The symbol "<<" isn't defined, but assuming it means "shift left by a specified number of bits", the number of bits to shift should be "8*Nn" rather than "Nn".

Does "overflow" in the third paragraph refer to the same condition as "wrap" in the fifth paragraph? If so, the text should be combined and a single term used for consistency. If not, the differences between the two requirements should be explained. We would also suggest adding a note indicating that the reference code assumes the sequence number is the same length as the nonce.

The use of "Nonce" (capitalized) as a function and "nonce" (lower case) as a value may be confusing. We suggest instead that the function be named "ComputeNonce" or similar.

On a similar object-oriented programming note, it should be stated that the underlying "Seal" and "Open" functions are the ones determined by the "aead_id" property.

Guidance for future KEMs

From https://mailarchive.ietf.org/arch/msg/cfrg/ZcTCJkilzCDshxsIj7MwKHNlNuM/

As guidance for future revisions, we would recommend adding a section about the issues that need to be considered when adding support for other KEMs. There will presumably be industry interest in including post-quantum KEMs (as anticipated in Sec. 8.1), and there may also be interest in including RSA-based KEMs, for legacy support. The technical subtleties in adding such mechanisms include:

  • Assumptions about the relationship between the private key and the public key and the definition of the "pk()" function. For instance, GenerateKeyPair, listed as part of a KEM in Section 4, doesn't really need to be part of one (it's not part of RSA-KEM).

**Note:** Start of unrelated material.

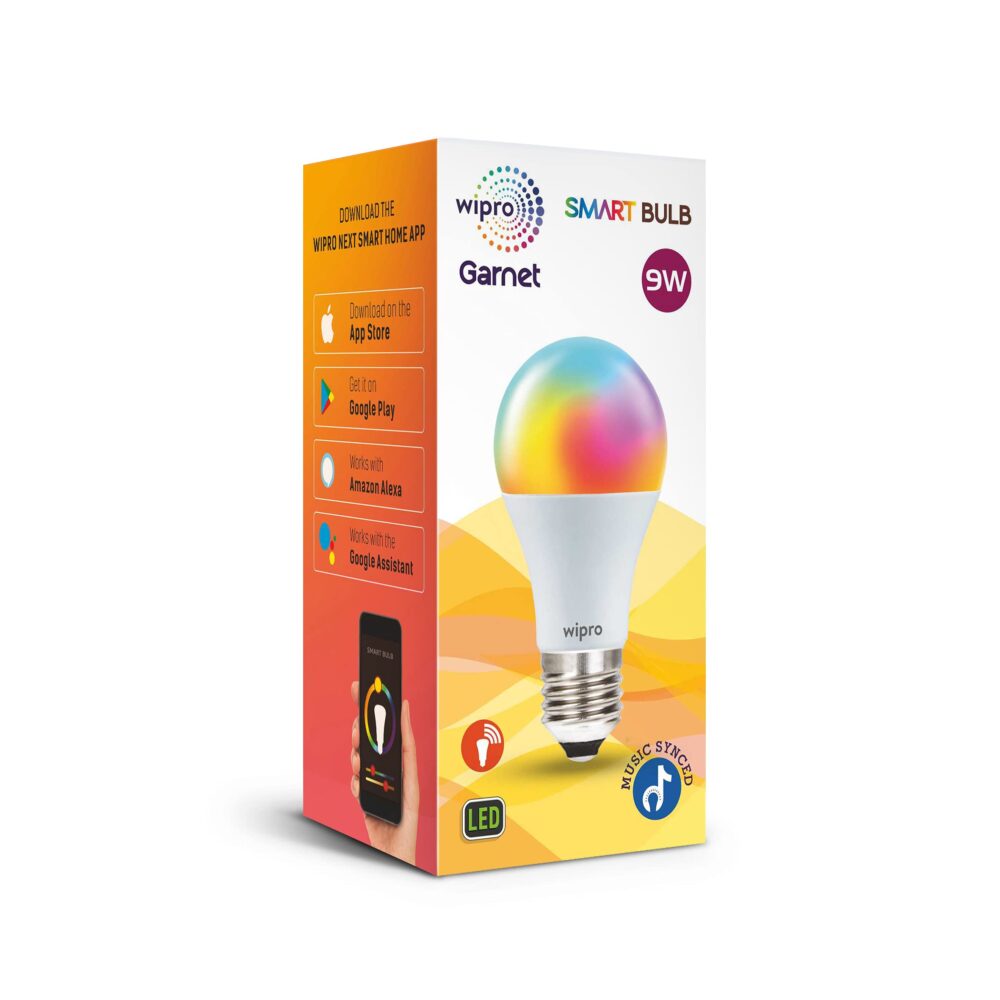 wipro 9-Watt E27 WiFi Smart LED Bulb with Music Sync (16 Million Colours + Warm White/Neutral White/White) (Compatible with Amazon Alexa and Google Assistant), Standard (NS9500) - Image 7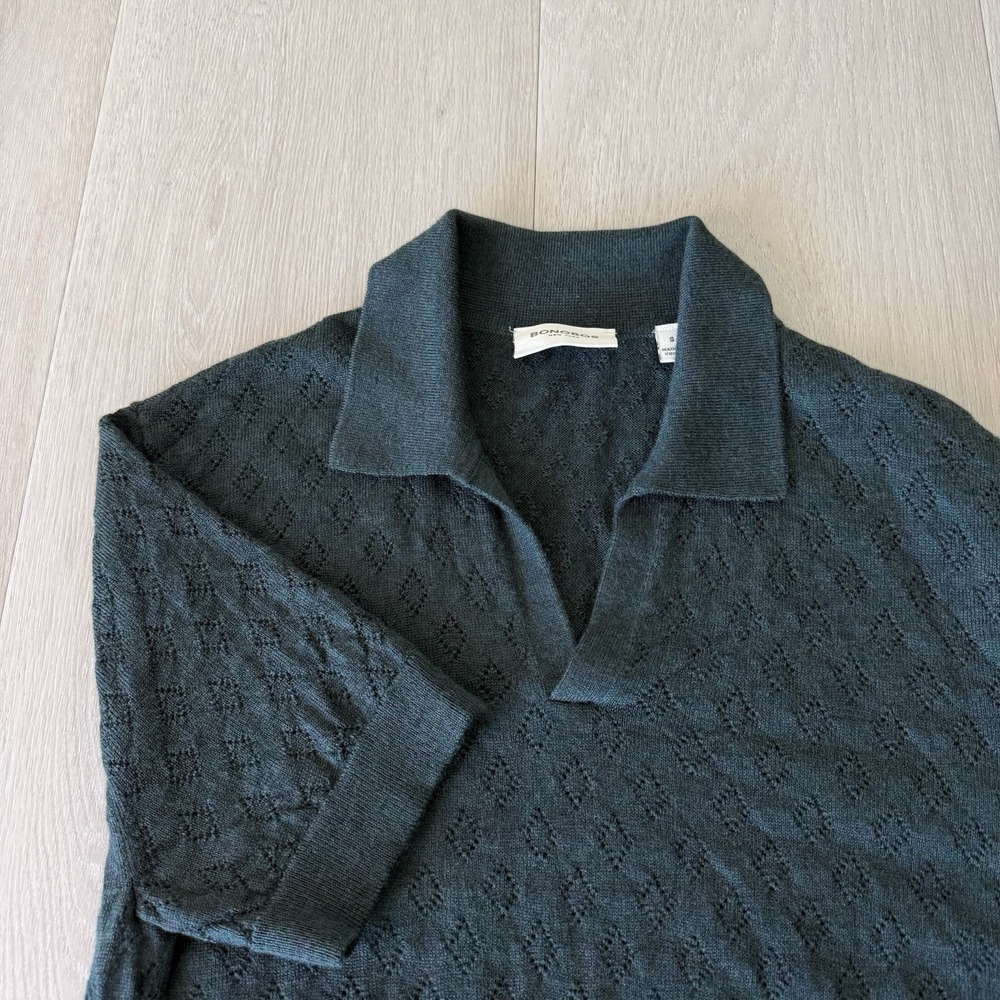 Bonobos Merino Wool Knit Diamond Spread Collar Polo Shirt Men's Size S Small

  • Assumptions about the length of the public key. It may not always be a fixed value, "Npk", for a KEM with a given set of parameters. The other (and unrelated) "hybrid" draft, draft-ietf-tls-hybrid-design, Section 3.2 ,makes accommodation for public keys associated with a given set of parameters to vary in size.

Consider static DH oracles

Do we need to be concerned about them? If receivers don't validate ephemeral keys (point on the curve, and in the right subgroup), what can go wrong?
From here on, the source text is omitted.